The Character of Joseph
What prevents this formal audacity from becoming a merely intellectual exercise is Mann’s characterisation of Joseph himself. Joseph is charming, vain, gifted, beloved of his father, and entirely aware of all these things — which makes him, at seventeen, insufferable to his brothers. The novel does not sentimentalize him. His vanity is real, his enjoyment of his own position is real, and his initial obtuseness about how this affects his brothers is rendered with comic precision.
But Joseph is also genuinely exceptional: his intelligence, his gift for narrative and interpretation, his ability to hold together seemingly contradictory truths, his fundamental goodness — these are not generic virtues but specific capacities that Mann renders in granular psychological detail over the course of thousands of pages. By the time we reach the great scene of reconciliation in the final volume — “I am Joseph your brother” — the reader has lived with all the parties to this reunion long enough for the scene to carry its full weight.
Mann’s most remarkable achievement is the texture of ordinary life in which these mythological events are embedded. The world of Canaan, the caravan routes to Egypt, the household of Potiphar, the prison, the court of Pharaoh — all are rendered with the specificity of a historical novelist who has done his research and a literary novelist who knows that documentary detail in the service of character is what makes the past feel inhabited rather than merely described.

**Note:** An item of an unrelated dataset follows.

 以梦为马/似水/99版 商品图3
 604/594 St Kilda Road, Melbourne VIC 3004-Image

The Greatest Biblical Fiction
The question of what makes Joseph and His Brothers the greatest work of biblical fiction in any language is worth attempting. It is not merely the scale, though the scale is part of it — the sustained attention across 1,500 pages generates a kind of intimacy with its world that shorter works cannot achieve. It is not merely the mythological sophistication, though the reading of myth as a structure of recurring human experience is genuinely original.
It is, ultimately, the combination of formal ambition and human warmth that distinguishes the work. Mann is doing something philosophically serious — arguing about the nature of myth, about the relationship between story and experience, about the way human beings understand their lives retrospectively in terms of patterns — while simultaneously telling a story in which we care, deeply, about whether a young man survives his brothers’ jealousy and finds his way to his father’s arms.

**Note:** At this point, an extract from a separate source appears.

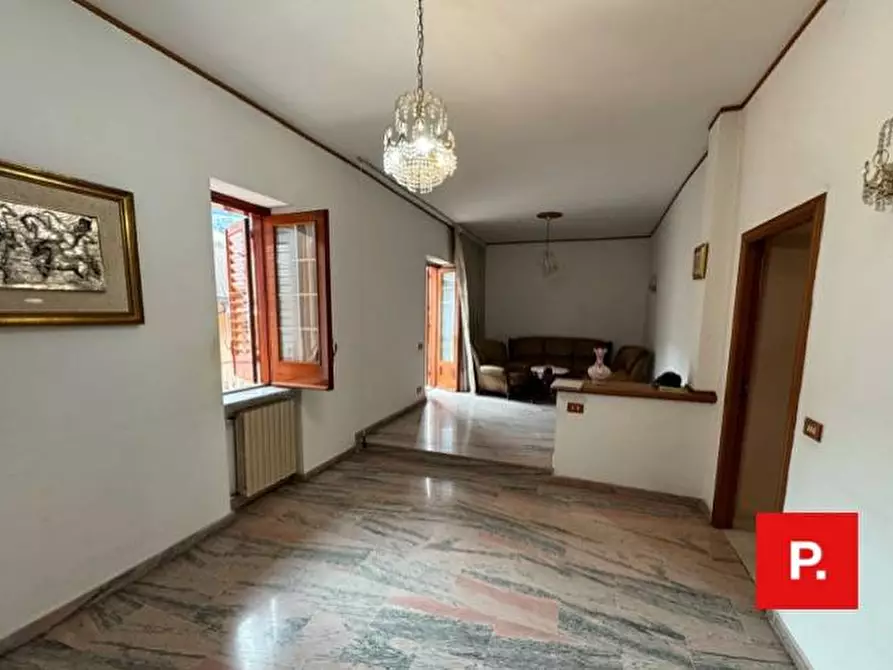 Immagine 2 di Casa indipendente in vendita  in VICO SAN MICHELE 8 a Capodrise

Our rating: 4.8/5 — The most ambitious novel of the twentieth century and one of the most rewarding — a work that changes what a reader thinks the novel form is capable of.

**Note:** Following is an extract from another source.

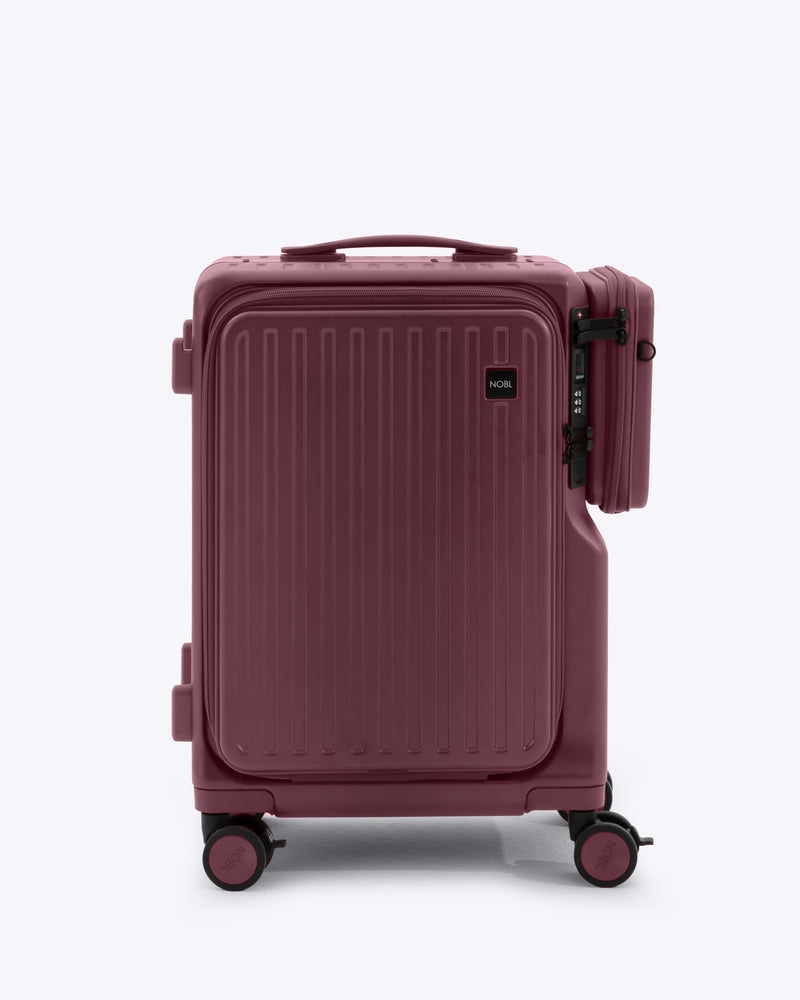 #color_burgundy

Frequently Asked Questions
What is "Joseph and His Brothers" about?
Mann's four-volume retelling of the Joseph story from Genesis — sixteen years in the writing — treats the biblical narrative not as sacred history but as myth that characters know they are living inside. The most sustained act of literary ambition of the twentieth century.
What are the key takeaways from "Joseph and His Brothers"?
Myth is not primitive prehistory but the structure through which human beings have always understood their experience Characters who know they are playing roles in a story are not diminished by that knowledge — they are enlarged by it The gift of interpretation — the ability to read dreams, signs, and situations — is a form of practical wisdom as much as a divine endowment The ability to survive betrayal, enslavement, and imprisonment without losing one's fundamental character is the novel's central moral argument
Is "Joseph and His Brothers" worth reading?
The greatest work of biblical fiction in any language — a meditation on myth, consciousness, and the nature of story itself that is also, on its surface, a rich and warmly human narrative about a dreamer and his jealous brothers.